Not for nothing is Helmut Marko respected in the racing fraternity. An experienced hand in Red Bull, he’s often the fulcrum around which the Christian Horner-outfit revolves. To that end, Helmut Marko’s experience, technical knowledge, advisory role have served the team well and for years together.
Even now, the former Austrian F1 driver is all gung-ho about motor-racing. A very basic, earthen fact about this is Helmut Marko’s age. At 75, he is passionate and involved deeply in developing the outfit for which famous names such as Max Verstappen and the rising talent of Pierre Gasly race.
But all that told, Helmut Marko has actually shared something he himself may not be exactly sure of, for the simple reason that the nature of his recent comment- although seemingly candid and stemming from a space of experience- may have done enough to earn the wrath of a few.
Wondering what is it that Helmut Marko said?
While some might feel that Helmut Marko’s comments are sexist or biased in nature, others may actually be of the view that these are stemming from a space that few can know and to that end, in a firm understanding. What exactly did Helmut Marko imply when he shared that as a sport for women drivers, F1 is a bit ‘too brutal?’
Many, at this very point in time may actually have formed their free-thinking biases about the man noted for his avuncular presence- right? But, then, is that fair?
While it’s fair to say that F1 demands a lot of grit, stamina, and not to mention, absolute fitness (the mental side of things requiring one to withstand the challenge of being razor-cut by competition and overall exhaustiveness) to say that the women may not be cut out for a very ‘brutal’ sport may perhaps have irked some.
Here’s a pretty simple, self-explanatory abstract from Mr.
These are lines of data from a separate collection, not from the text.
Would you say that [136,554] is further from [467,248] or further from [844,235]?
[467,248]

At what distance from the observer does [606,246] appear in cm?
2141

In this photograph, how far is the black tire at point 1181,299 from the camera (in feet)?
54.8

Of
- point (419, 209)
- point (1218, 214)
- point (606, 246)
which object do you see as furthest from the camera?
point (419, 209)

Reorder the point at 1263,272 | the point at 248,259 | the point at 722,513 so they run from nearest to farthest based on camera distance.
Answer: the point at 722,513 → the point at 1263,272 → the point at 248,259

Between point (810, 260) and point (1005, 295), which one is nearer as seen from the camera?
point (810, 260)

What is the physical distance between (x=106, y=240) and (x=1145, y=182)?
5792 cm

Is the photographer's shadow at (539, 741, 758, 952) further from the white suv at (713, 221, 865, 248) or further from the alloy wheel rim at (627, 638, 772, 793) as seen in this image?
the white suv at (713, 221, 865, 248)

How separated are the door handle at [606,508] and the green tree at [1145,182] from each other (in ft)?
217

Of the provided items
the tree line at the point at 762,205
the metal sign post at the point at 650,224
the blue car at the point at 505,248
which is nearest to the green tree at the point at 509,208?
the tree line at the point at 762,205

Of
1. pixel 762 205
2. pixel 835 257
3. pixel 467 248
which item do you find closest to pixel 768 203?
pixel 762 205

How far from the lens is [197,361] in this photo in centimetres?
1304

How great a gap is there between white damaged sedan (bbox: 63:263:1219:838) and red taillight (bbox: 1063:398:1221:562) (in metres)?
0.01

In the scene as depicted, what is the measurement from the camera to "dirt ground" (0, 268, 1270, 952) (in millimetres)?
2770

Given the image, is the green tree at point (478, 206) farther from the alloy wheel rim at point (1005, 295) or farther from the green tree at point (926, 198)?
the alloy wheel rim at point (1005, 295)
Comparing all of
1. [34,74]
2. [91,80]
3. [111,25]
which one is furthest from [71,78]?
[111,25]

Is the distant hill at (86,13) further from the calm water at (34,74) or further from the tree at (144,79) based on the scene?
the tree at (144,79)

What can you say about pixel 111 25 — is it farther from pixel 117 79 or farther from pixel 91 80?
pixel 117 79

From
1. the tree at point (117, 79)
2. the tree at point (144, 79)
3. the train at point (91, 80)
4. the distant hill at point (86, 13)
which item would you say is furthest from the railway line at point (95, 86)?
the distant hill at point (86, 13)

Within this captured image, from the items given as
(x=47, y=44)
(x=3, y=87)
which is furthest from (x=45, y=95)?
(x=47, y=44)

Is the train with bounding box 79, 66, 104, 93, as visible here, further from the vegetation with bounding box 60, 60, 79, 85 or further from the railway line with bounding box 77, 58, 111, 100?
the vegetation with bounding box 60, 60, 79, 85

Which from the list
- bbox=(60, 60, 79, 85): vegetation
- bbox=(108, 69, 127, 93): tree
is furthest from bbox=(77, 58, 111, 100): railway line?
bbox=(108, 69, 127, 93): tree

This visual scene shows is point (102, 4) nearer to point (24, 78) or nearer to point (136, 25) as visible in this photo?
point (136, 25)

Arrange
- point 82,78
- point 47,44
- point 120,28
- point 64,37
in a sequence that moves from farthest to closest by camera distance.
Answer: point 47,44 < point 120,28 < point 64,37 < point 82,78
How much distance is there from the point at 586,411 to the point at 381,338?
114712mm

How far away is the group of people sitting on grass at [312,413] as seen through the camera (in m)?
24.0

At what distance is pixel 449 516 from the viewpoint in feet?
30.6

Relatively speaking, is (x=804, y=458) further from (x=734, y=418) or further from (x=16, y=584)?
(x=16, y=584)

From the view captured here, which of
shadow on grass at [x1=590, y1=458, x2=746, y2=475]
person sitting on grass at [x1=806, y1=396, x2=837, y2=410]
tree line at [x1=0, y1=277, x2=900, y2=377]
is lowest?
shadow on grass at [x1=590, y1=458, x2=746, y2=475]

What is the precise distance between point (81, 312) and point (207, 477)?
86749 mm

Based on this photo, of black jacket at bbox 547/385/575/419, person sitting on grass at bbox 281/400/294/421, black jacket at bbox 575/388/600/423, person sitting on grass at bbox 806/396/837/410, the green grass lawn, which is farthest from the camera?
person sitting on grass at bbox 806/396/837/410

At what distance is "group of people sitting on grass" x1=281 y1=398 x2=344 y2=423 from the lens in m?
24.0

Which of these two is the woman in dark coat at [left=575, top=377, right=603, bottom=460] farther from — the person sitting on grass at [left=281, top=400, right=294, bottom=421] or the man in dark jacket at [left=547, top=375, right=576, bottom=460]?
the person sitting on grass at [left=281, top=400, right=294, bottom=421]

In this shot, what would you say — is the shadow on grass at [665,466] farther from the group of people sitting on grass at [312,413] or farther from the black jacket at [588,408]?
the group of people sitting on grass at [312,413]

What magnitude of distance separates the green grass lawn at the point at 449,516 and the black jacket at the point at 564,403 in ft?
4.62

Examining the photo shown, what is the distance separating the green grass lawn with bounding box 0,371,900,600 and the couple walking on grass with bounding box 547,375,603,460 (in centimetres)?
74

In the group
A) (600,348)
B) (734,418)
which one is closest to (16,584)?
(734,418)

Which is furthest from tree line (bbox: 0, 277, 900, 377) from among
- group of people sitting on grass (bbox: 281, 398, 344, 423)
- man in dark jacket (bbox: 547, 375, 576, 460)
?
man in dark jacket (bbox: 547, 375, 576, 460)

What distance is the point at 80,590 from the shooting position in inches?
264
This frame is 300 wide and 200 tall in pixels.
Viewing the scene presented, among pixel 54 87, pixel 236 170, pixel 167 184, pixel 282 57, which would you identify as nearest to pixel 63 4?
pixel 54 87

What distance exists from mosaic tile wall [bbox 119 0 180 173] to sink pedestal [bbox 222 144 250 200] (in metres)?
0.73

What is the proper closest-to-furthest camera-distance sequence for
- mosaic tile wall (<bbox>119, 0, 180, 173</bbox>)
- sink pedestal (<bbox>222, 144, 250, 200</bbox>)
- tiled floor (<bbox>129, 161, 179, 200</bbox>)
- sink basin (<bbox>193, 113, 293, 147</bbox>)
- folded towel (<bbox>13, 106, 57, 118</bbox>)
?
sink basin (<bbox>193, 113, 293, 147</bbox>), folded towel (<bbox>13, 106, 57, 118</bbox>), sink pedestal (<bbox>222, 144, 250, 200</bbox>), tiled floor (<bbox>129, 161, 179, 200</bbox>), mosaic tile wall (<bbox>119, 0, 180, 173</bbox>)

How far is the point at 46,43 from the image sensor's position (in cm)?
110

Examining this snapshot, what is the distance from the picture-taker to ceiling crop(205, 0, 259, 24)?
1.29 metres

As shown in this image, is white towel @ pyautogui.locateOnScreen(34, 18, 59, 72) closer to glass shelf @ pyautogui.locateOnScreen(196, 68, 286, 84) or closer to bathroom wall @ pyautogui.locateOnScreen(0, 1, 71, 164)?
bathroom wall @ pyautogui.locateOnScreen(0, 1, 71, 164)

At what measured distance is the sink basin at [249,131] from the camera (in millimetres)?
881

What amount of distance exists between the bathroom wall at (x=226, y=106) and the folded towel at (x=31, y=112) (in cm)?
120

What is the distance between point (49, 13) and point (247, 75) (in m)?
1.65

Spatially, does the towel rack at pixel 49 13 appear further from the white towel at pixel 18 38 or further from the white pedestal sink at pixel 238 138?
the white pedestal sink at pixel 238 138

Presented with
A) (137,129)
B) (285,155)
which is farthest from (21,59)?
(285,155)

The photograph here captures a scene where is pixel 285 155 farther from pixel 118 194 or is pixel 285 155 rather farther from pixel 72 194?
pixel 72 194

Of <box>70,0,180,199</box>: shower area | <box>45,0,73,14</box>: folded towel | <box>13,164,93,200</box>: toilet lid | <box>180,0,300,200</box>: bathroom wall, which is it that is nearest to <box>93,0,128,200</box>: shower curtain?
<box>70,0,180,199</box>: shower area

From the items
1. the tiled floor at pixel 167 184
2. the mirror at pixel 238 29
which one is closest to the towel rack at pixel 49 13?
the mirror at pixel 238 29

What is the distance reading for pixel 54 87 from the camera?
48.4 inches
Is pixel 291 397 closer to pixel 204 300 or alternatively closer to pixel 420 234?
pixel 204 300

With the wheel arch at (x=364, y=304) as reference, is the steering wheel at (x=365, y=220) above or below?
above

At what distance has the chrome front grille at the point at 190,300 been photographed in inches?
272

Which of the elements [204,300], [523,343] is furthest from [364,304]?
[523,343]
Helmut Marko’s quote on the sport and its rigorous asks of women:
“These are huge physical demands, and that is maybe too difficult and too strenuous for women,” Marko told Austrian newspaper Kleine Zeitung when asked whether he foresaw a female driver taking part in a Grand Prix.
“If you’re driving at 300km/h and have a wheel-to-wheel fight then brutality is part of it,” he explained. “I do not know if that’s in the female nature.”